John claims that the four-member council group pushed through a motion at the beginning of the meeting to conduct all discussions in-camera, and then return out of camera to pass any and all motions.  The letter goes on to further say that after a three-hour in-camera session, council returned and passed a series of motions with no further discussion.

According to Best, council’s reasoning for the lengthy in-camera session was that the presence of the public, or ‘the gallery’, was “disturbing them and preventing them from feeling comfortable to discuss their views.”

John went on to try and rally the public to make their voices heard on the matter.

My co-worker Shelley recommended that I check out this particular Letter to the Editor, and I couldn’t help but chuckle and shake my head when I’d finished reading it.  The similarities were amusing, even if it’s a consistently troublesome issue.  After all, it was only three months and change ago that we here at The Outlook were involved in something of a “lover’s quarrel” with the Town of Outlook over a questionnaire we’d compiled, in which this controversial topic of in-camera meetings was one of the key areas of questioning.

In our case, time went on and we reached what I like to think is a healthy professional respect.  I still cover town council meetings, and the format includes any in-camera items to be discussed at the end of the meeting after the correspondence has been accepted and passed.  It works for me because it lets me get all the information I need from the regular meeting, and from there, we request the adopted minutes of that meeting to include in a future issue, which would include any motions made after council had exited in-camera talks.  To us, it’s just a way to cover all the bases and get the absolute most important and useful information out there to the public.

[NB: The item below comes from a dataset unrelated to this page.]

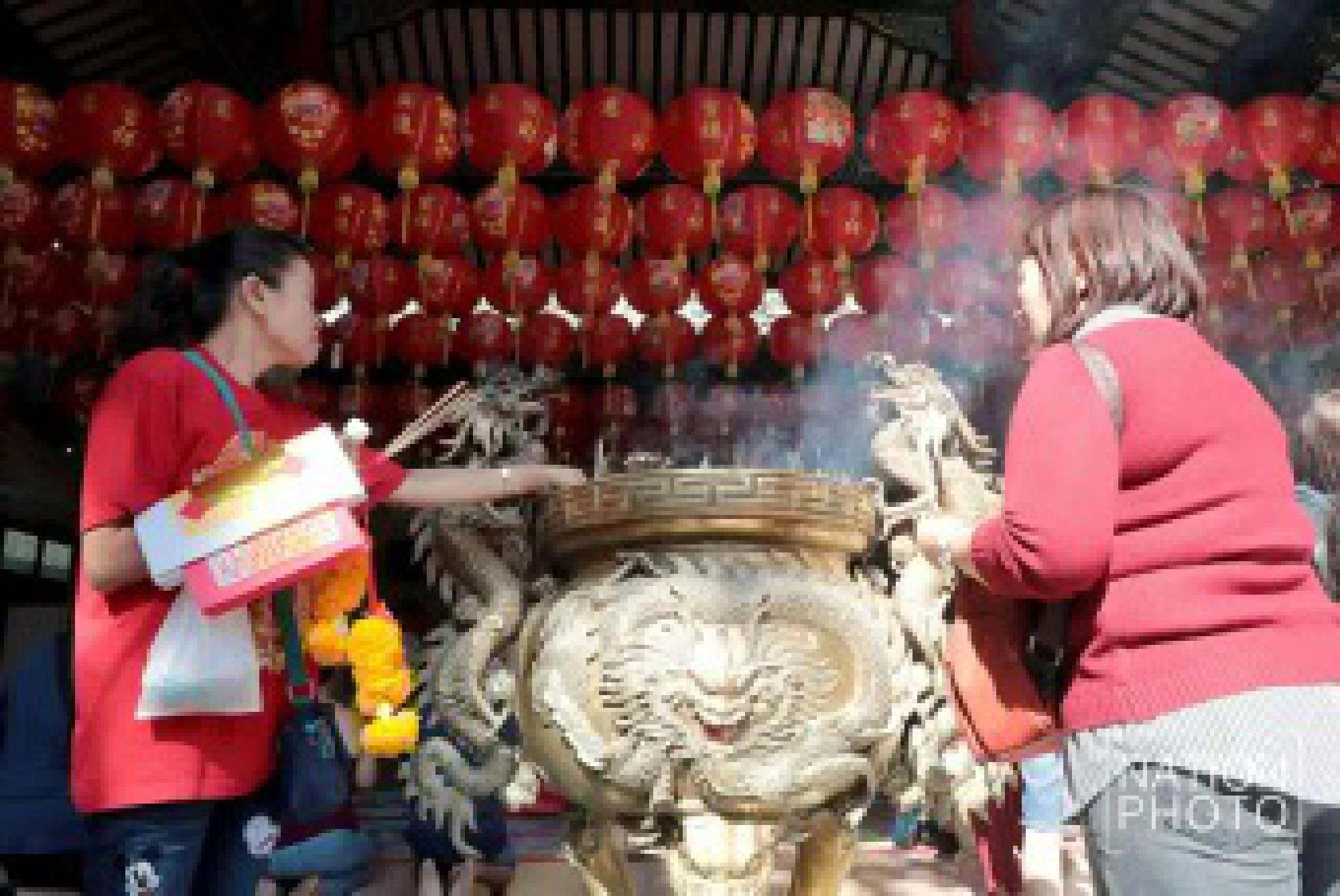 Chinese shrines in downtown Bangkok crowded as devotees pray for good fortune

In all honesty, I’m not sure if The Outlook will ever be invited to perhaps one or two councillors’ homes for a barbecue anytime soon, but again, I think we’ve reached a place with the Town where there is once again a certain level of trust.

As far as this council in the RM of Round Valley is concerned though, this one’s a head-scratcher to me.  What people in these roles need to remember is that you’re in a PUBLIC role as a councillor, whether it’s with a specific town/village or an entire rural municipality.  You’re put in a position to help make decisions for the people of that area, and therefore you’re expected to be public with any such discussions related to the people of that area.

When you’re in a public role, the public expects you to be public.  Calling for a three-hour in-camera session – during your first meeting as an RM council, mind you – doesn’t set the best tone as far as transparency and openness is concerned.  Should the people of the RM of Round Valley expect EVERY council meeting to be held in-camera?  Though they did toy with the idea of dedicating one meeting per month to be all in-camera, even the Town of Outlook council ultimately scrapped that idea.  The optics just don’t look good with an idea such as that.

The biggest part in John’s letter that grabbed my attention was council’s alleged reason that the presence of the public disturbs them and prevents them from feeling comfortable discussing their views.  If this is indeed true, well, the only thing I can say to councillors in the RM of Round Valley is this:  grow a pair.  If you don’t “feel comfortable” discussing your views as it relates to making decisions that affect ratepayers in the presence of said ratepayers, then give up your seat to someone who doesn’t have such a problem.

With only Mr. Best’s side of things, I’d love to hear the RM of Round Valley’s side of things in this interesting development.

As it stands, that council appears on paper to be nothing more than a secret “boys club.”

For this week, that’s been the Ruttle Report.